# RECORDED INFORMATION
● ● ●
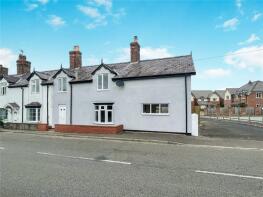4, The Village, Gate House On The A495 To Rowe Lane Junction A495, Ellesmere SY12 0PJ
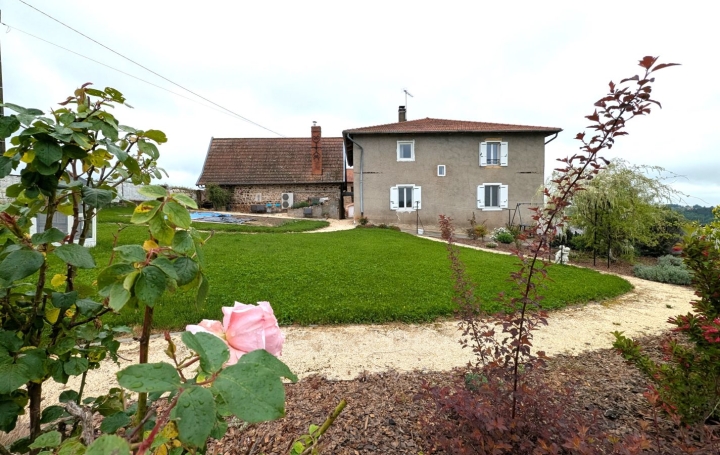 Maison MONTAGNY 185 m2 385 000 € Maison MONTAGNY 185 m2 385 000 €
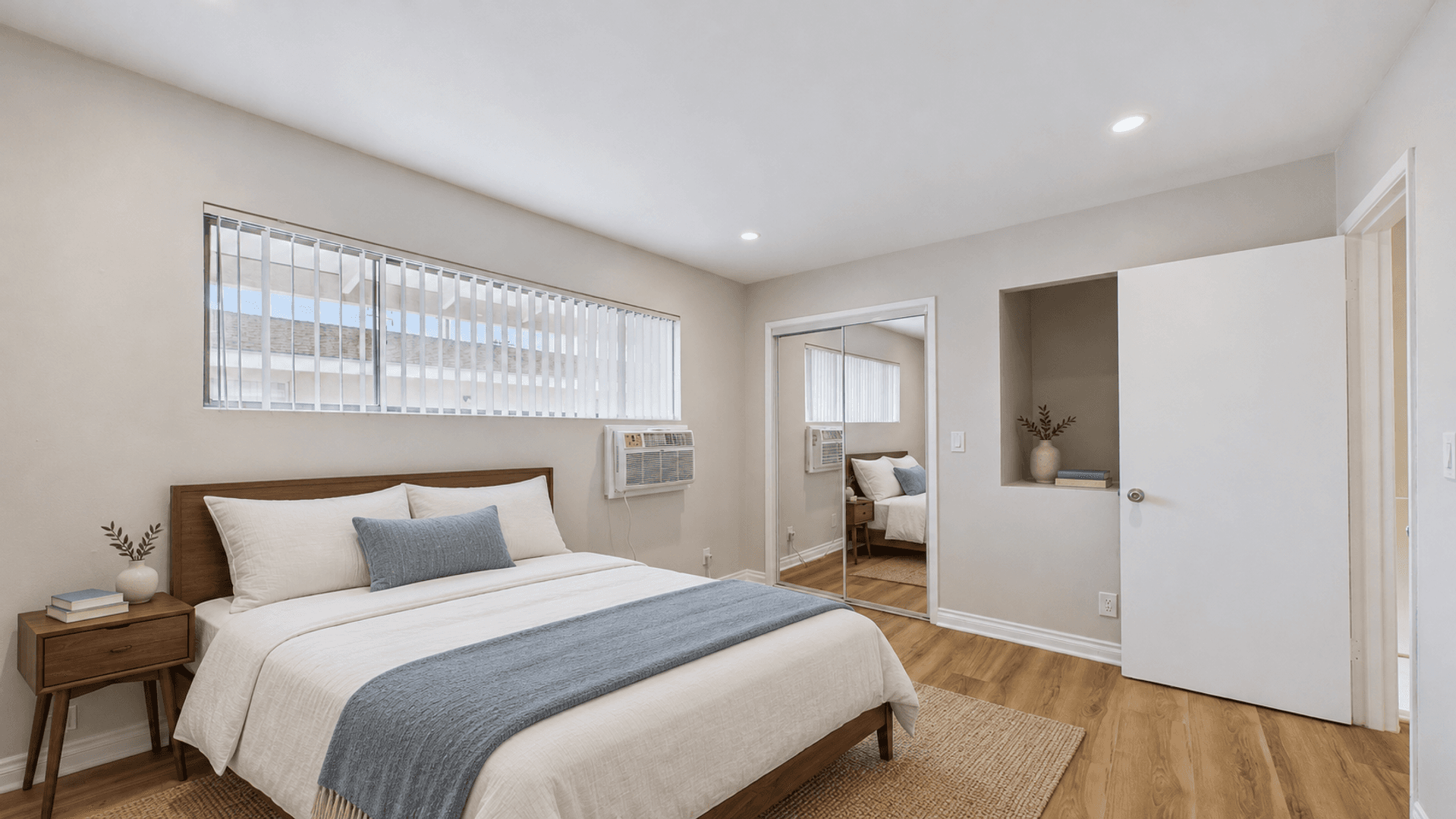 Duarte Apartment: 1318 Mountain Ave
● ● ●
# TASK
Only the pictures are to be dropped; return everything else in the listing exactly.

# EXERCISE SOLUTION
4, The Village, Gate House On The A495 To Rowe Lane Junction A495, Ellesmere SY12 0PJ
 Maison MONTAGNY 185 m2 385 000 € Maison MONTAGNY 185 m2 385 000 €
 Duarte Apartment: 1318 Mountain Ave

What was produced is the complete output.